The SEC also approved new exchange and FINRA rules that clarify the process for breaking erroneous trades, it said in a press release.

The circuit breaker pilot program was approved in June in response to the market disruption of May 6.

If a security experiences a 10% percent price change over a five-minute period, trading in it is paused for five minutes.

“The pause gives the markets an opportunity to attract new trading interest in an affected stock, establish a reasonable market price, and resume trading in a fair and orderly fashion,” the SEC said in a statement.

The circuit breaker program is in effect through December 10. The SEC anticipates that the exchanges and FINRA will begin implementing the expanded circuit breaker program early in the week of September 13-17.

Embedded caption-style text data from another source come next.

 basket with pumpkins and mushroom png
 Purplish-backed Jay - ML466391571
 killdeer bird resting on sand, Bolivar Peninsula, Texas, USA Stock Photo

A list of the securities included in the Russell 1000 Index, which was rebalanced on June 25, is available on the Russell website.

The eight-page list of exchange-traded products included in the pilot is available on the SEC’s website. It includes PowerShares QQQ, SPDR Gold Trust, iShares MSCI BRIC Index Fund and other popular ETFs.

“These circuit breakers and this more objective guidance on breaking erroneous trades will help our markets retain the confidence of investors and companies,” said SEC Chairman Mary L. Schapiro in a press release. “We have worked quickly with the exchanges to take these steps, and we will continue to be very focused on addressing weaknesses exposed on May 6.”

For stocks subject to the circuit breaker program, trades will be broken at specified levels depending on the stock price:

  • – For stocks priced $25 or less, trades will be broken if the trades are at least 10% away from the circuit breaker trigger price.
  • – For stocks priced more than $25 to $50, trades will be broken if they are 5% away from the circuit breaker trigger price.
  • – For stocks priced more than $50, the trades will be broken if they are 3% away from the circuit breaker trigger price.

Where circuit breakers are not applicable, the exchanges and FINRA will break trades at specified levels for events involving multiple stocks depending on how many stocks are involved, the SEC says.

According to the SEC, on May 6, the markets only broke trades that were more than 60% away from the reference price in a process that was not transparent to market participants.

SEC staff is also considering whether market makers should be subject to more meaningful obligations to promote fair and orderly markets; working with the exchanges to prohibit the use by market makers of “stub” quotes that are not intended to indicate actual trading interest; and studying the impact of multiple trading protocols at the exchanges, including the use of trading pauses and self-help rules.